By DAVID W. MUNNS, Assistant Editor

SIMPLE COURAGE: A True Story of Peril on the Sea
by Frank Delaney, New York: Random House, On sale: June 27, 2006.
336 pp. $24.95.
ISBN: 978-1-4000-6524-0

Simple Courage: A True Story of Peril on the Sea tells the harrowing tale of the cargo ship Flying Enterprise and its captain, Henrik Kurt Carlsen. On Christmas Day 1951, the ship was split open by a storm in the North Atlantic only Carlsen stayed onboard. He would remain there for more than two weeks, trying vainly to coax the floundering ship back to port in England.

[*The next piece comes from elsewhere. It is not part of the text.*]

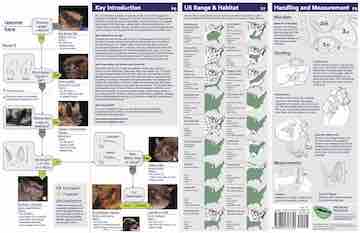 Eastern U.S. & Canadian Bats ID Key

Author Frank Delaney, perhaps one of the most vivid storytellers in the nonfiction genre, captures the drama of the attempts to save the ship as well as the onslaught of media attention and public curiosity that followed the event. The weather conditions Carlsen faced were hurricane-like, and Delaney writes, “If you’re on the North Atlantic Ocean in such a gale, and if the temperature is heading below the freezing point, and if, much earlier, as the wind was building, you supposed the flecks of foam and the lengthening spindrift no more than pretty whitecaps — think again.”

The world watched as many rescuers and other ships attempted to save Carlsen, and stood in awe as the captain refused to abandon ship. Nobody could fathom why he held tight to Flying Enterprise, which he eventually would abandon moments before it sank on Jan. 10, 1952.

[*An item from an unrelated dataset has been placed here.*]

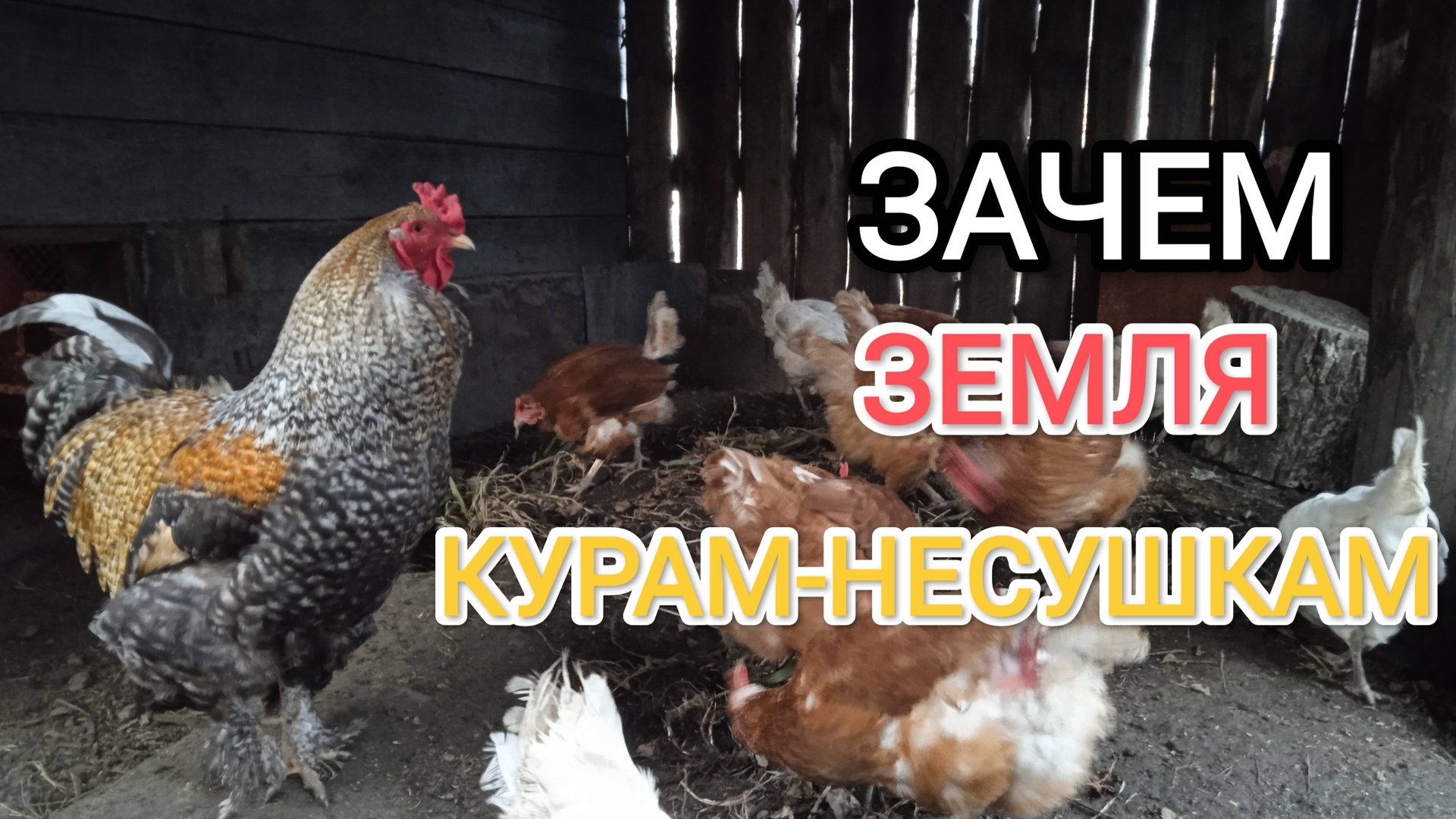 Куры-несушки Зачем давать им траву вместе с землей смотреть онлайн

Many provided conspiracy theories of the “secret cargo” suspected to be on the ship, but Delaney offers an exclusive account of the steadfast captain’s experience based on interviews with his wife, daughters and others. He reveals Carlsen’s multidimensional persona and, more importantly, shows his true loyalty to his mission as a captain, devotion to his family and tremendous character, which accorded him both suspicion and adulation.

When editors of Life magazine prepared to make Carlsen its 1952 “Man of the Year,” the magazine compared him to Santiago from The Old Man and the Sea, even quoting John Masefield’s tribute poem, “I mean to hang on/till her canvas busts or her sticks are gone.”

Delaney’s artful storytelling makes Simple Courage truly pleasurable to read, gripping at every turn and suspenseful to the end.

BURNING COLD: The Cruise Ship Prinsendam and the Greatest Sea Rescue of All Time
by H. Paul Jeffers, Springfield, Va.: Zenith Press, March 2006.
304 pp. $24.95.
ISBN: 0-7603-2079-9

When Hurricane Katrina ravaged the Gulf Coast last year, the U.S. Coast Guard stood as the one shining star amid the chaos of government relief efforts, providing seamless, prompt assistance to the area. The service’s rescue operation expertise certainly was not without precedent, and historians often reference 1980 for one of its most significant performances.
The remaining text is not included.